## MATERIALS PROVIDED
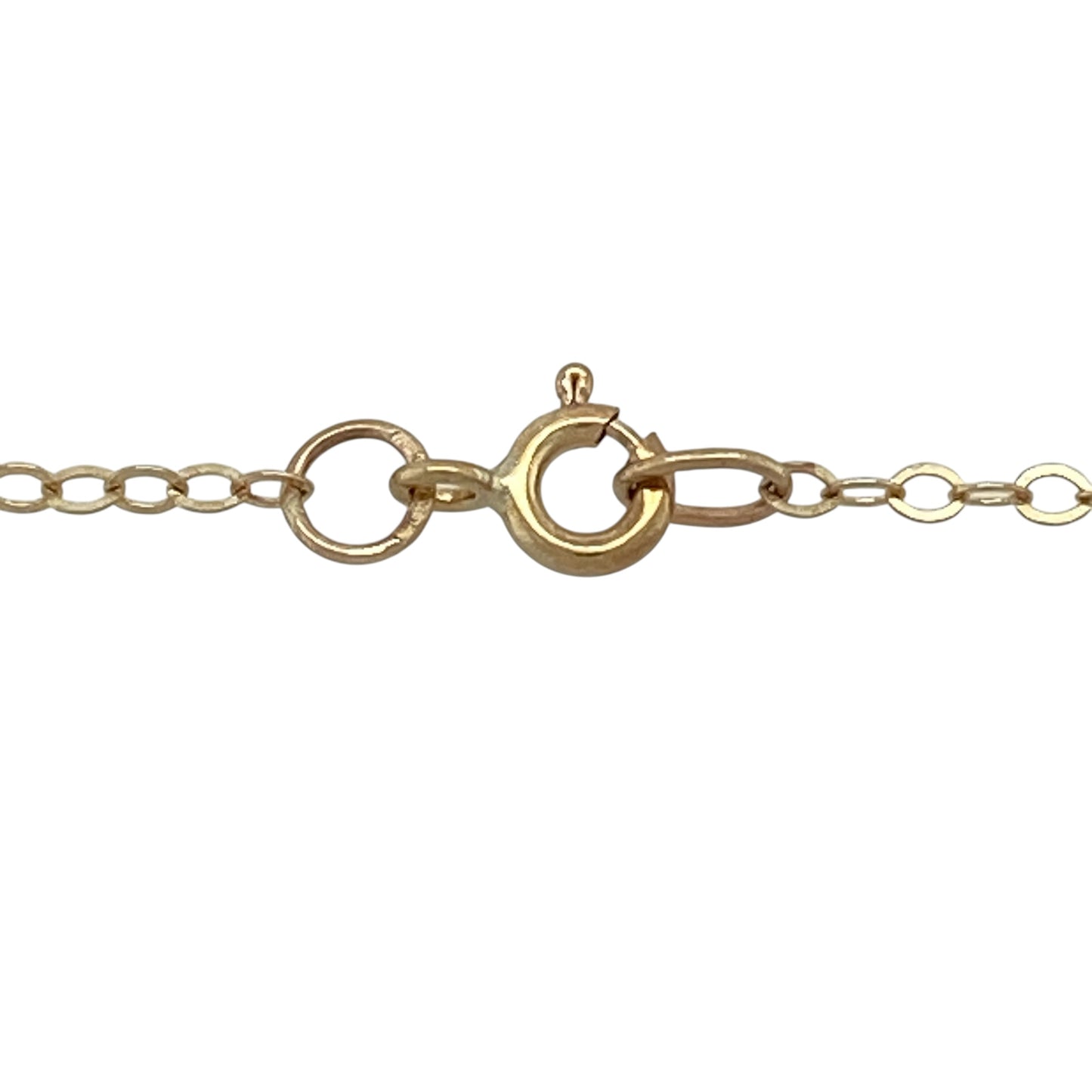 9ct Gold Celtic Lovespoon 18" Necklace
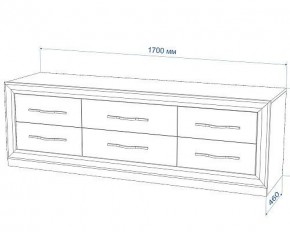 Тумба под ТВ Нобиле КАЯ170 в Нижневартовске - nizhnevartovsk.mebel24.online | фото 2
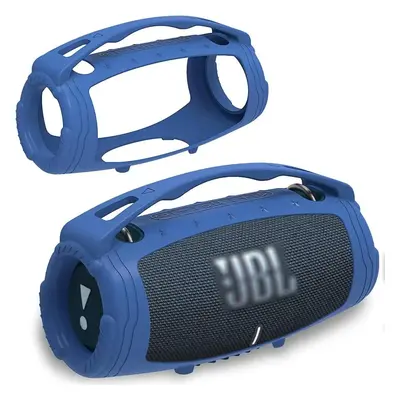 (Blue) Silicone Handle Protective Cover Case Accessories for JBL Xtreme Portable Bluetooth Speak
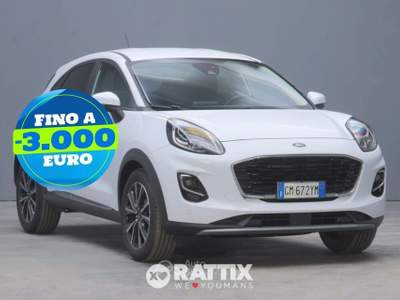 Ford Puma puma 1.0 ecoboost h titanium s&s 125cv Bianco usata Barzago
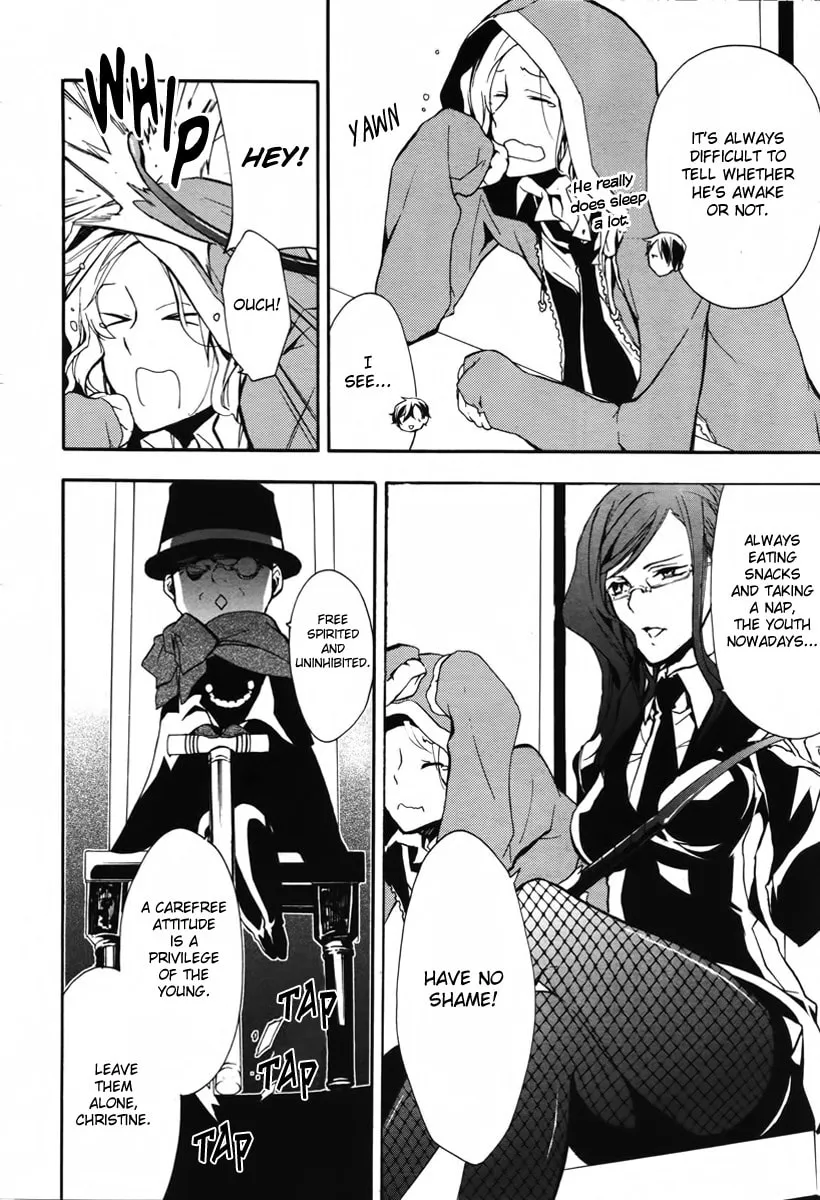 Read Blood Parade chapter 7 image 10 on Lezhin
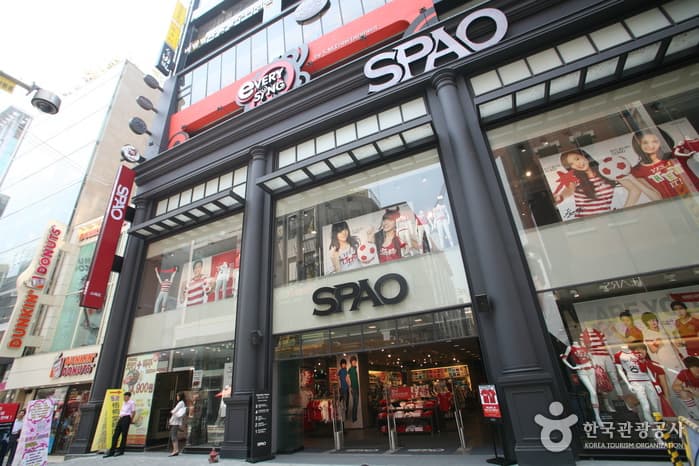 Spao Myeongdong
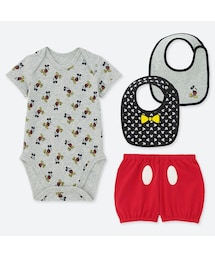 UNIQLO | ディズニーコレクションギフト4点セット 70-80ｻｲｽﾞ(その他ベビー用品)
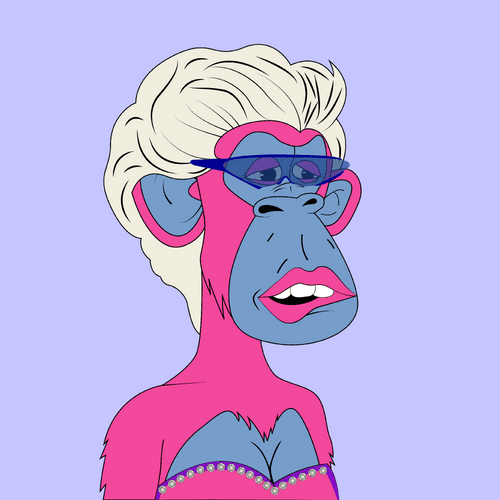 ApeWives of DoodleVille #7583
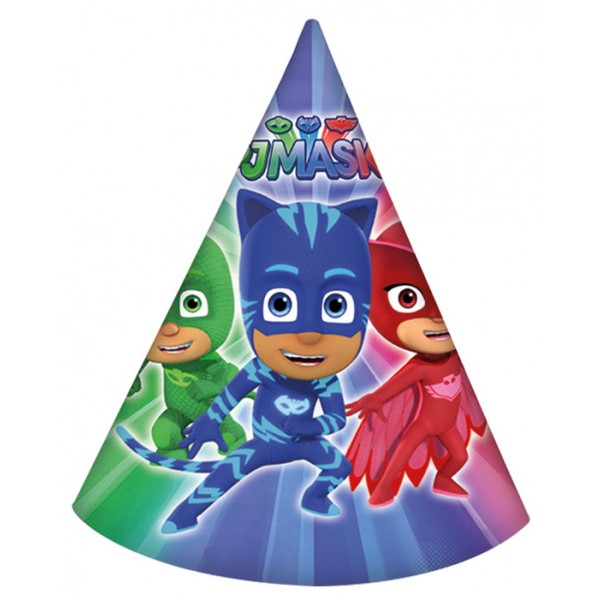 PJ Masks Birthday Caps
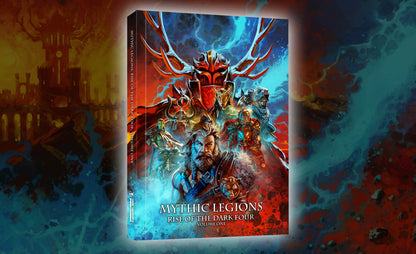 【2026年12月～2027年2月発送予定】Mythic Legions (ミシックリージョンズ) Rise of the Dark Four (書籍) Four Horsemen Studios RDF
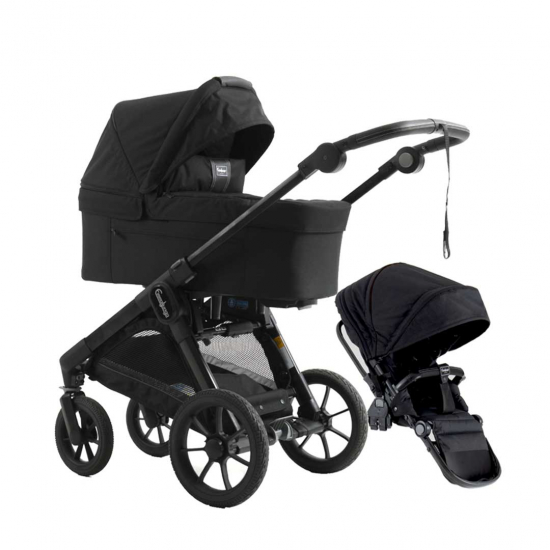 Emmaljunga 2023 NXT 310 All Black ERGO i gruppen Barnevogner / Varemerker / Emmaljunga hos Kpbarnvagn (PKTnxt310-3)
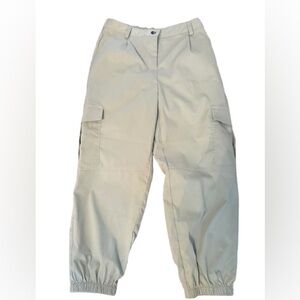 Halara Cargo Jogger Pants – Sage Green – Size M (Regular)
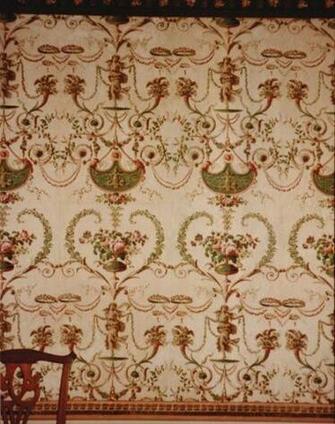 18th Century Wallpaper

## THE PROBLEM
Everything in the listing must be restated word for word, except for the pictures.

## ANSWER TO THE PROBLEM
 9ct Gold Celtic Lovespoon 18" Necklace
 Тумба под ТВ Нобиле КАЯ170 в Нижневартовске - nizhnevartovsk.mebel24.online | фото 2
 (Blue) Silicone Handle Protective Cover Case Accessories for JBL Xtreme Portable Bluetooth Speak
 Ford Puma puma 1.0 ecoboost h titanium s&s 125cv Bianco usata Barzago
 Read Blood Parade chapter 7 image 10 on Lezhin
 Spao Myeongdong
 UNIQLO | ディズニーコレクションギフト4点セット 70-80ｻｲｽﾞ(その他ベビー用品)
 ApeWives of DoodleVille #7583
 PJ Masks Birthday Caps
 【2026年12月～2027年2月発送予定】Mythic Legions (ミシックリージョンズ) Rise of the Dark Four (書籍) Four Horsemen Studios RDF
 Emmaljunga 2023 NXT 310 All Black ERGO i gruppen Barnevogner / Varemerker / Emmaljunga hos Kpbarnvagn (PKTnxt310-3)
 Halara Cargo Jogger Pants – Sage Green – Size M (Regular)
 18th Century Wallpaper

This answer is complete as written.